Keragres acaba de volver de Cersaie, el gran escaparate internacional del Sector Cerámico y del Baño que se celebra cada año en Bolonia. Y además de testar todas las nuevas tendencias, hemos comprobado que el terrazo no solo está de vuelta, sino que ha regresado para quedarse un buen tiempo entre nosotros. Impregna cada nueva estancia con su presencia en paredes y suelos, e incluso encimeras, lavabos o superficies de muebles como mesas y sillas. Una tendencia que ha maravillado al diseño de interiores, marcando una vuelta en escena con mucha personalidad.
Si antes asociábamos el terrazo con los suelos de la década de los 70, hoy hablamos de un material mucho más moderno y versátil, con tantas posibilidades que resulta imposible encasillarlo. Uno de sus puntos fuertes son las interesantes composiciones que hacen que cada pieza sea diferente de las demás, aportando una esencia original a cualquier estancia. Actualmente las propuestas van desde los terrazos grises a los rosados pasando por toda la paleta de colores, y con pigmentos diferentes al tradicional blanco, gris o tierra. Si a esa estética única sumamos su alta durabilidad, la resistencia a la humedad y a los productos de limpieza, y que su mantenimiento no esconde secretos, la apuesta por este material es clara.

De la Venecia del XV al siglo XXI
¿De dónde viene este original material que ha regresado con tanta fuerza? La respuesta es Venecia, donde hace ya varios siglos que comenzaron a conocer sus posibilidades. Desde mediados del XV, el terrazo se popularizó en la ciudad de los canales para pavimentar las terrazas de las casas aprovechando los sobrantes de la construcción, que mezclaban con arcilla y leche de cabra. Fue así como nació una técnica que hoy cuenta con métodos innovadores para poder incrustar otros materiales además de los clásicos. Por ejemplo, cristales de colores, bronce, perlas o aluminio. El resultado es un diseño que ofrece una extraordinaria continuidad visual y homogeneidad, sobre todo si se escogen los grandes formatos, pero mostrando al mismo tiempo una imagen totalmente única.
Su éxito es tal que ya no solo podemos verlo en suelos o pavimentos.
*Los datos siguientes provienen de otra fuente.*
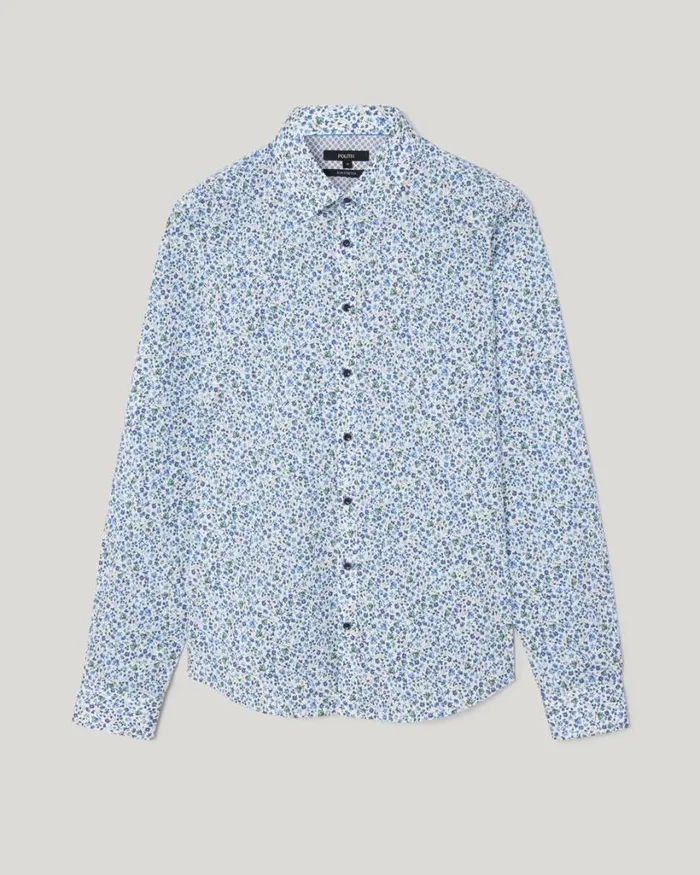 Politix Shirts Men Textured Floral Long Sleeve Shirt Blue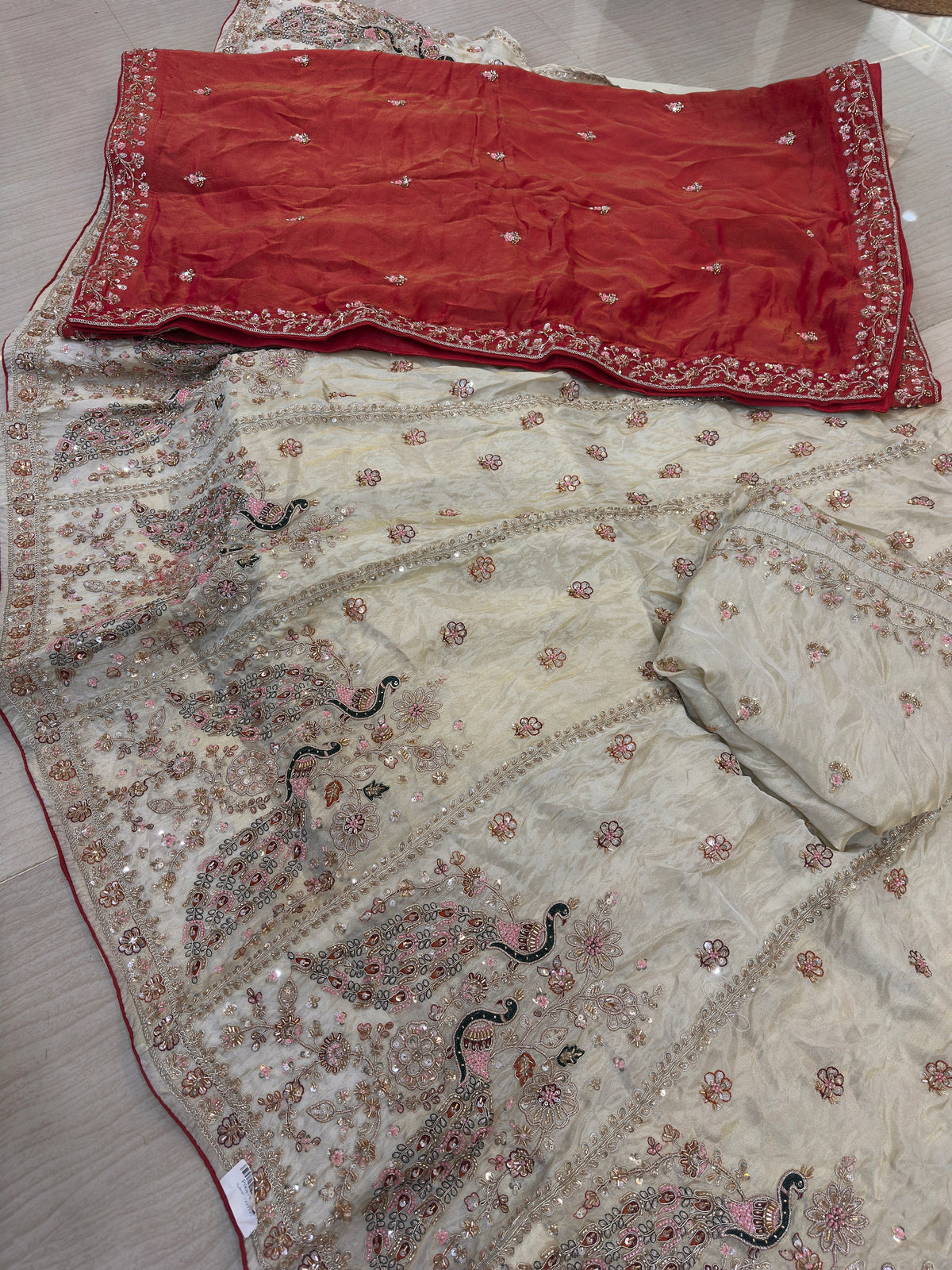 Beautiful Tissue Cosmos Fabric Lehenga With Handwork Dupatta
Las apuestas actuales se orientan al revestimiento de paredes en salones, baños y cocinas, y además en estos espacios podemos combinar el terrazo con otros acabados como la madera si buscamos marcar la diferencia presentando una estancia sofisticada. Pamesa, empresa colaboradora de Keragres, cuenta con interesantes propuestas clásicas pero con aire renovado como las series CR CEPPO y CR GRANSASSO. Todo un mundo de posibilidades con las que innovar derrochando personalidad.